O empenho generoso dos leigos nos ambientes do culto, da transmissão da fé e da pastoral, num momento de escassez de presbíteros, induziu, por vezes, alguns ministros sagrados e leigos à tentação de irem mais além daquilo que permite a Igreja e mesmo daquilo que supera a sua capacidade ontológica sacramental. Consequência disso foi também uma subestimação teórica e prática da missão específica dos leigos de santificarem, a partir de dentro, as estruturas da sociedade.

Por outro lado, nesta crise de identidade origina-se também a “secularização” de alguns ministros sagrados, pelo ofuscamento do seu papel específico, absolutamente insubstituível, na comunhão eclesial.

8. O sacerdote, alter Christus, é na Igreja o ministro das acções salvíficas essenciais23 . Pelo seu poder sacrificial sobre o Corpo e o Sangue do Redentor, pelo seu poder de anunciar autorizadamente o Evangelho, de vencer o mal do pecado mediante o perdão sacramental, ele – in persona Christi Capitis – é fonte de vida e vitalidade na Igreja e na sua paróquia. O sacerdote não é a fonte desta vida espiritual, mas aquele que a distribui a todo o povo de Deus. É o servo que, na unção do Espírito, tem acesso ao santuário sacramental: Cristo Crucificado (Cf. Jo 19, 31-37) e Ressuscitado (Cf. Jo 20, 20-23), do qual brota a salvação.

Em Maria, Mãe do Sumo e Eterno Sacerdote, o sacerdote toma consciência de ser com Ela, “instrumento de comunicação salvífica entre Deus e os homens”, ainda que de modo diverso: a Santa Virgem, mediante a Encarnação, o sacerdote, mediante os poderes da Ordem24 . A relação do sacerdote com Maria não é só necessidade de protecção e de ajuda; trata-se, antes, de uma tomada de consciência de um dado objectivo: “a proximidade de Nossa Senhora” como “presença operante, juntamente com a qual a Igreja quer viver o mistério de Cristo”25 .

9. Como partícipe da acção directiva de Cristo Cabeça e Pastor sobre o seu Corpo26 , o sacerdote é especificamente habilitado a ser, no plano pastoral, o “homem da comunhão”27 , da guia e do serviço a todos.
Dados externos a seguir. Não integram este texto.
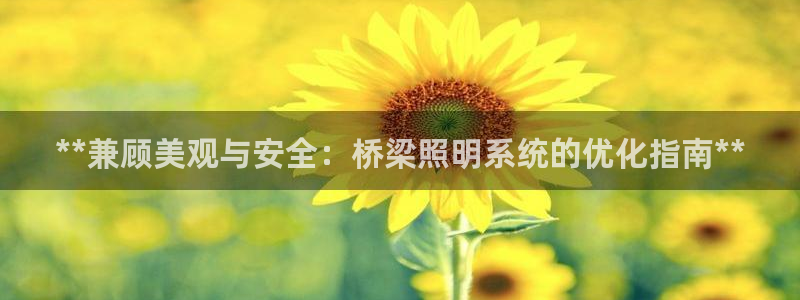 **兼顾美观与安全：桥梁照明系统的优化指南**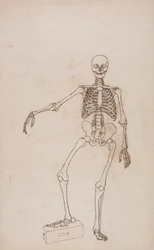 Scheletro umano, vista anteriore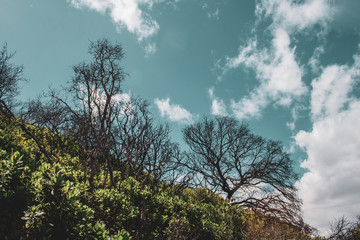 mountain plants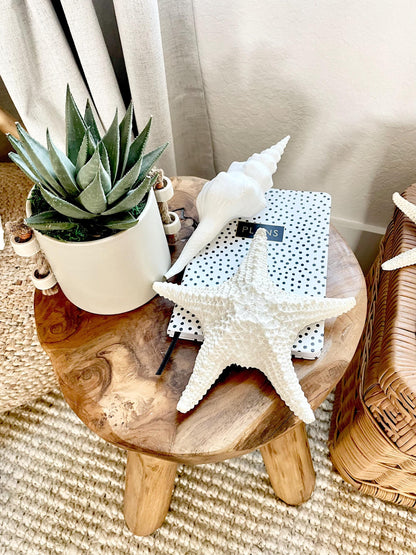 Knobby Starfish 100% Real XS-XXL 2-10" Off White/Tan Color Crafts & Coastal Décor Star Fish Wedding Beach Nautical Stars Small Medium Large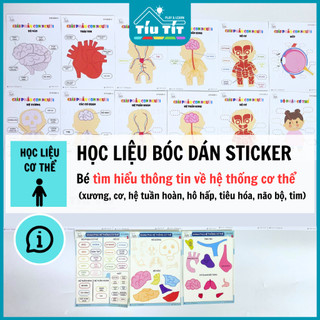 Học liệu cơ thể - học liệu bóc dán sticker giúp bé tìm hiểu thông tin về hệ thống cơ thể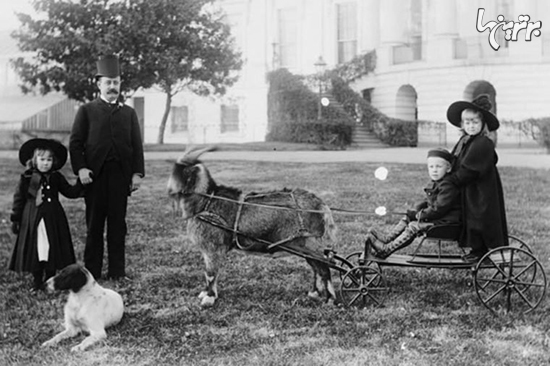 مشهورترین حیوانات خانگی که در کاخ سفید زندگی کردند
Ele é chamado a promover e a manter a unidade dos membros com a Cabeça e de todos entre si. Por vocação, ele une e serve na dupla dimensão da mesma função pastoral de Cristo (Cf. Mt 20, 29; Mc 10, 45; Lc 22, 27). A vida da Igreja requer, para o seu desenvolvimento, energias que apenas este mistério da comunhão, da guia e do serviço pode oferecer. Exige sacerdotes que, totalmente assimilados a Cristo, depositários de uma vocação originária à plena identificação com Cristo, vivam “nele” e “com ele” o conjunto das virtudes manifestadas em Cristo Pastor, e que, além do mais, recebe luz e motivação da assimilação à doação nupcial do Filho de Deus crucificado e ressuscitado à humanidade redimida e renovada. Exige que haja sacerdotes que queiram ser fonte de unidade e de doação fraterna a todos – especialmente aos mais necessitados -, homens que reconheçam a sua identidade sacerdotal no Bom Pastor28 e que tal imagem seja vivida internamente e manifestada externamente, de modo que todos possam captá-la, por toda a parte29 .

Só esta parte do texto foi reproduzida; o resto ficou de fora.